Le blog d'un enseignant qui prépare au CAPES et au CRPE en géographie à l'ESPE de Corse à Ajaccio et Corte.

Nations et minorités en conflit

Publié le 28 Mars 2013 par geobunnik in Une géographie des conflits

Trois documents proposés :

  • Un premier document sur la notion d'autochtonie :

    • Des minorités aux droits reconnus par l'ONU, par l’État canadien (qui parle de peuples premiers) au nom de son occupation antérieure d'un territoire.(antérieure = à l'occupation européenne à partir des Grandes Découvertes). On parle aussi des « premières nations ».
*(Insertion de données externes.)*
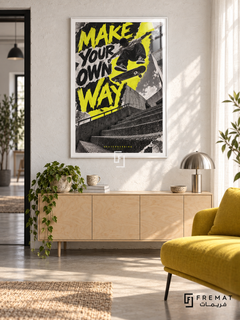 Make Your Own Way: A skateboarder jumps above concrete steps against acid-yellow and graphite graphics with a rough printed texture. White frame with a white printed border, displayed in a styled room.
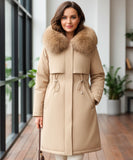 Woman wearing a long parka coat in camel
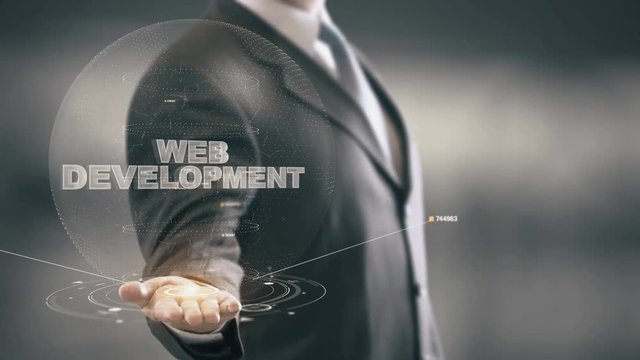 Web Development with hologram businessman concept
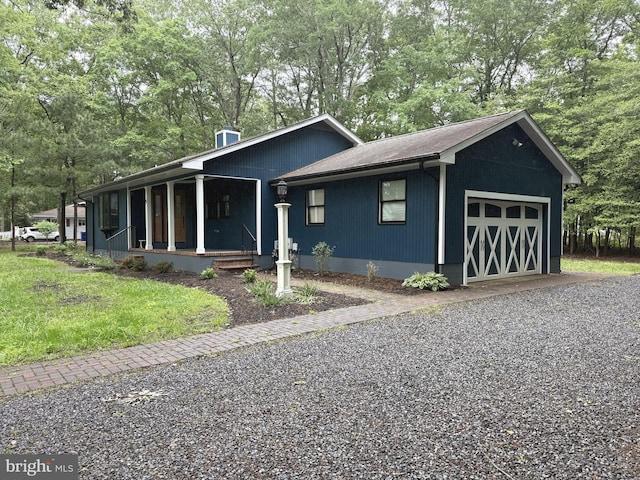 5 Kent Ave, Ocean View, DE 19970 - view of front facade featuring covered porch and view of wooded area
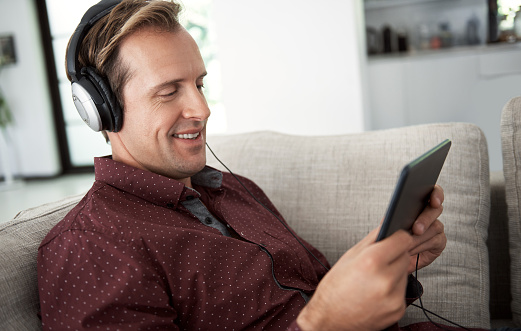 Shot of a man using headphones and a digital tablet on a sofa at home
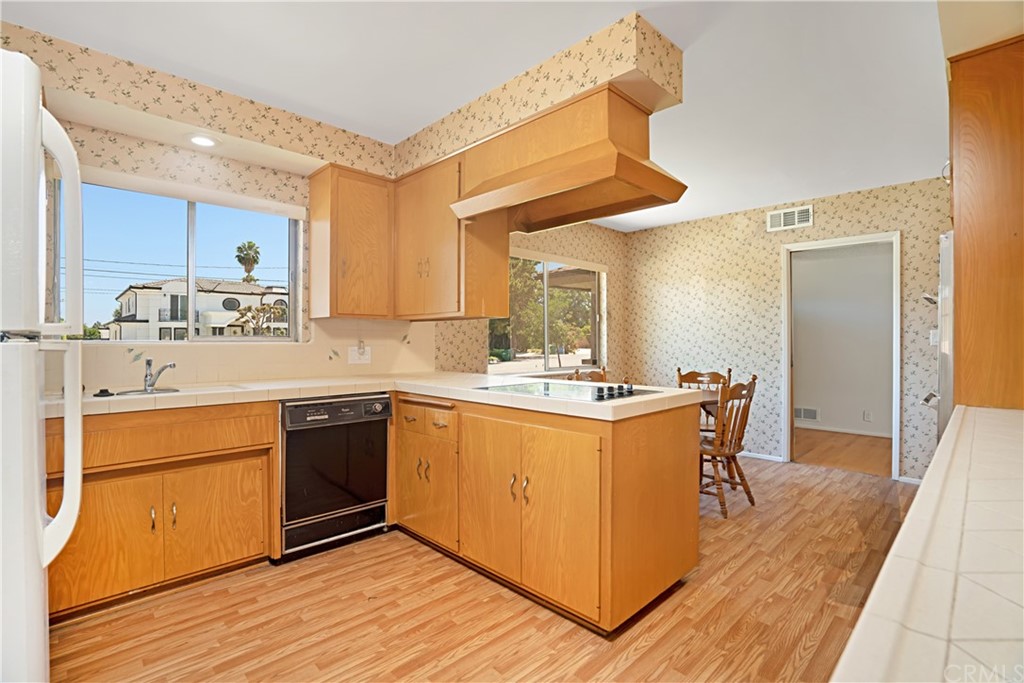 365 Fairview Avenue Arcadia, CA 91007 - Photo 12 of 36 a kitchen with a sink and wooden floor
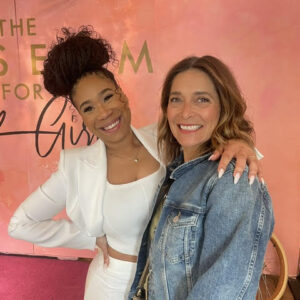 Two women pose together smiling at the Museum for Black Girls. On the left, Mercedes Howard ('Ya Girl Cedes') wears a white two-piece outfit with her hair in a high bun. On the right, Renee Ferrufino wears a denim jacket. They stand in front of a pink wall with part of the museum's logo visible behind them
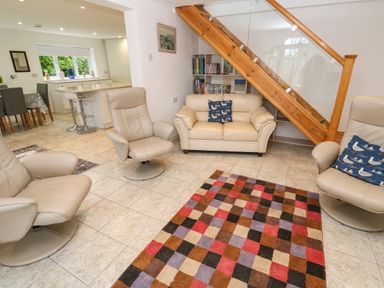 A living room with beige armchairs and sofa with patterned cushions a colorful checkered rug and a bookshelf under a wooden staircase at Alice Cottage in Wheal Kitty near St Agnes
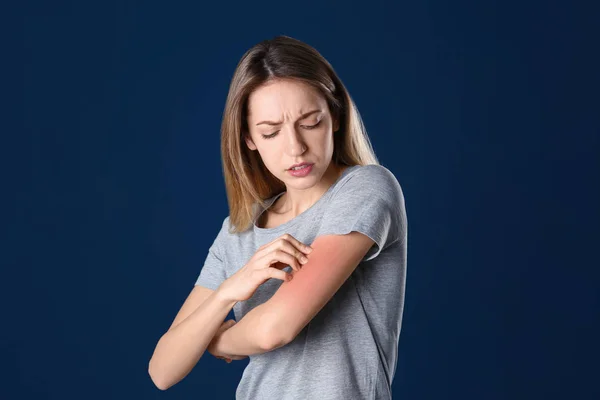 Retrato de mujer arañando brazo sobre fondo de color. Síntoma de alergia — Foto de Stock
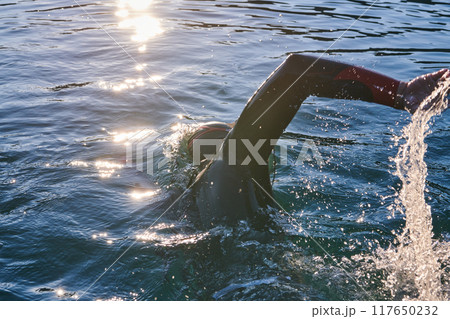 Triathlon athlete swimming on lake in sunrise wearing wetsuit Triathlon athlete swimming on lake in sunrise wearing wetsuit 117650232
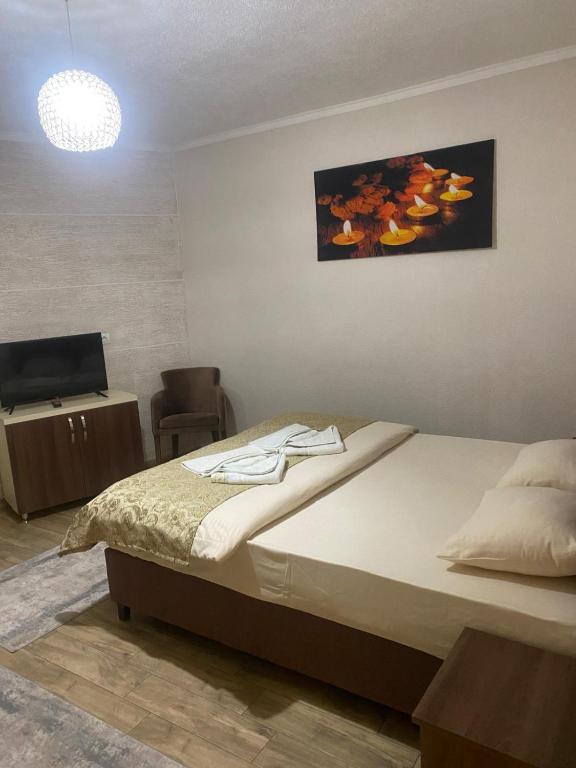 Ένα ή περισσότερα κρεβάτια σε δωμάτιο στο My Place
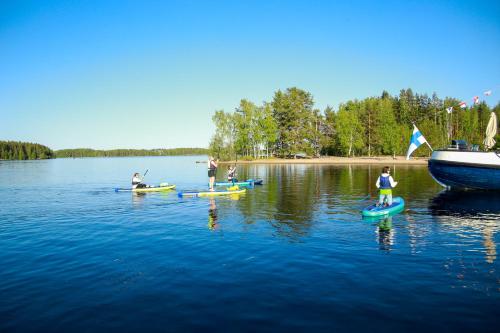a group of people on paddle boards in the water at Saimaa Experience in Savonlinna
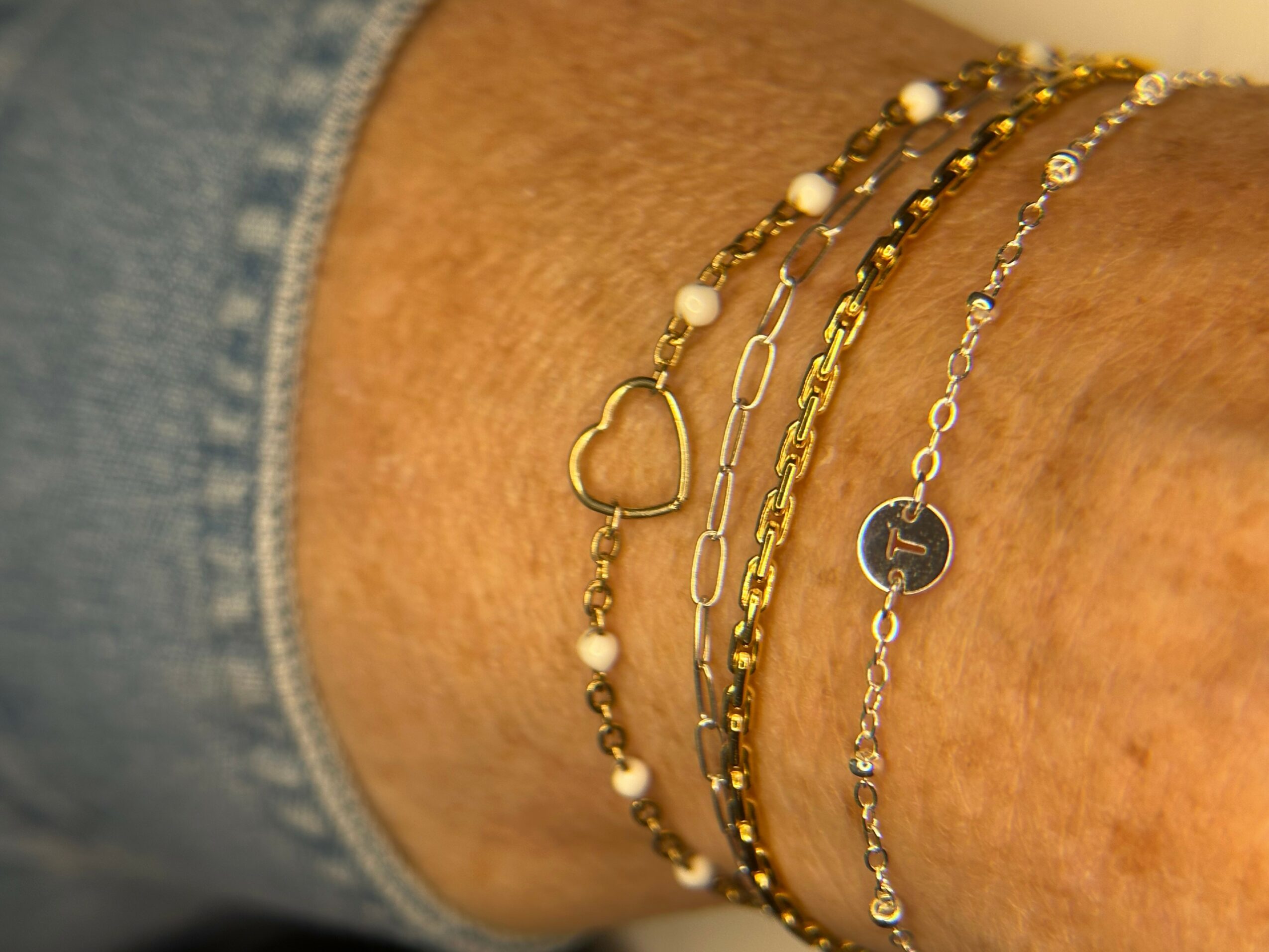 Four layered bracelets on a person's wrist, including a gold chain, a heart charm, and beaded designs.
    • Les conflits des autochtones portent souvent sur les droits de la chasse ou de la pêche ; sur l'autorité de la justice (nationale ou traditionnelle?), sur l'exploitation du sol ou du sous-sol.

    • Ces conflits aboutissent parfois à des violences individuelles ou en groupe, mais la plupart du temps, cela se termine par des négociations et un médiation par la justice.
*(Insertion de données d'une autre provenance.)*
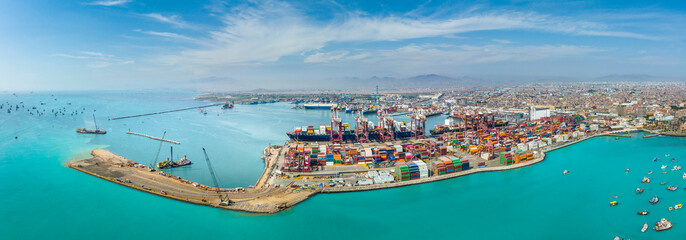 Aerial view of the port of Callao in Lima, Peru, showing port activity with containers and cranes in full operation. In the background can be seen the city and the Pacific Ocean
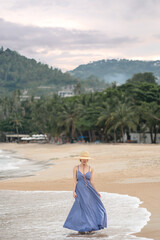 Fototapeta na wymiar Woman in blue dress pose on the beach.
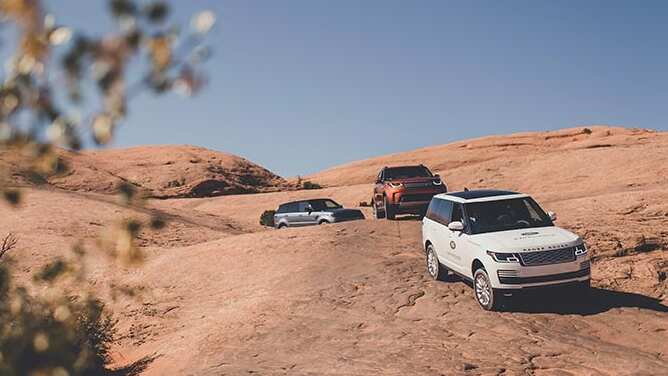 Three range rovers driving in rock scenery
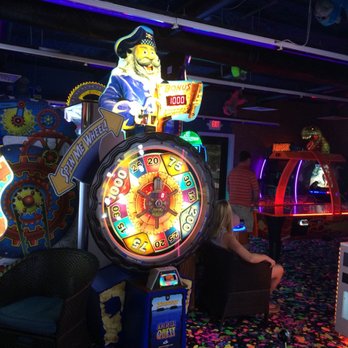 Bananas Mini Golf And Arcade - a woman playing a game - Mini Golf Near Me - Gulfport, Mississippi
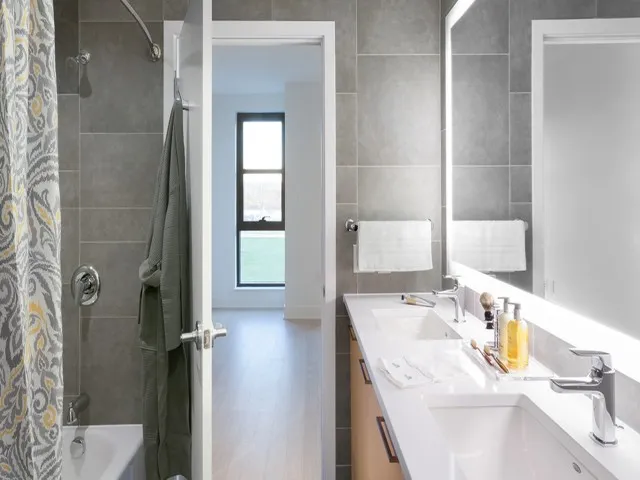 Tile Surround Large Master Bath Room with Dual Vanity and Back-Lit Mirror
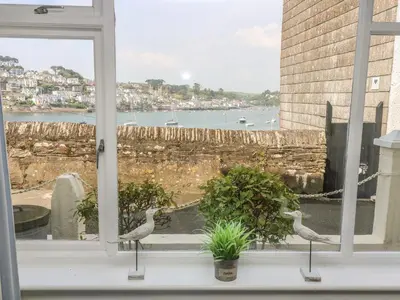 two birds sitting on a window sill looking out at the water at The Watch Below in Polruan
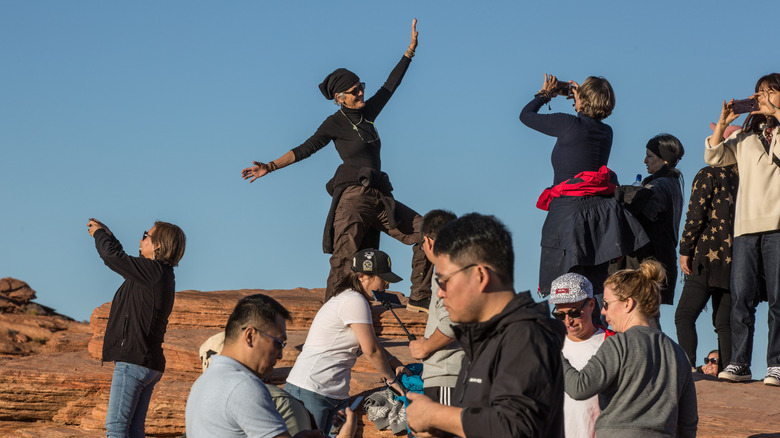 Thousands of weekend visitors flock to view the unusual Horseshoe Bend of the Colorado River in Grand Canyon NP.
    • Exemple : les Cri du lac Lubicon (Québec) ; les Innus du Québec, les Algonquins du Lac Barrière.

    • Cela pose la question de la définition des minorités ou celle de Nation.

  • Un deuxième document sur les Roms en Europe (carte de Philippe Rekacewicz) :

    • Un peuple ou une nation sans État (comme d'autres : Kurdes, Palestiniens, Kabyles, Mapuche, Tibétains, …)
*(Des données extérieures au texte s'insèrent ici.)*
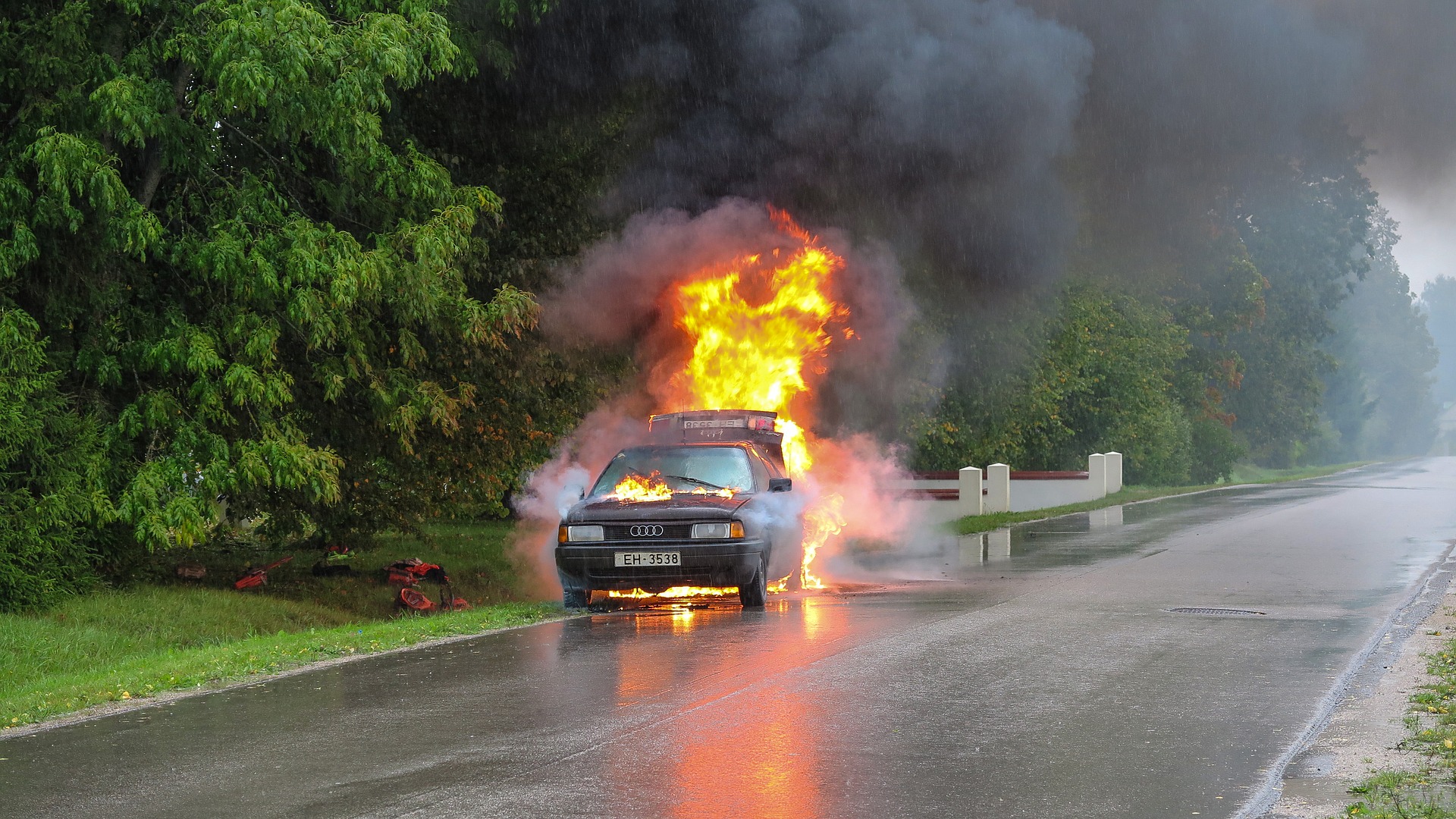 A car is on fie on an empty street in the rain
    • Un regard sur les minorités qui peut être compatissant, agressif, positif, négatif, … Il y a donc, comme dans tout conflit la présence de représentations. Quoi qu'il arrive une minorité mal connue, souvent rejetée et sur laquelle sont portés des clichés forts (mobiles, bidonvilles, dangereux, …)

    • Une diversité au sein de cette minorité (on parle de roms, de tziganes, de gitans, …)

    • Des groupes qui connaissent une exclusion sociale et économique, qui vivent selon des canaux économiques parfois parallèles (illégaux ou non) voire des autorités parallèles (existence d'un « roi des roms » en Hongrie).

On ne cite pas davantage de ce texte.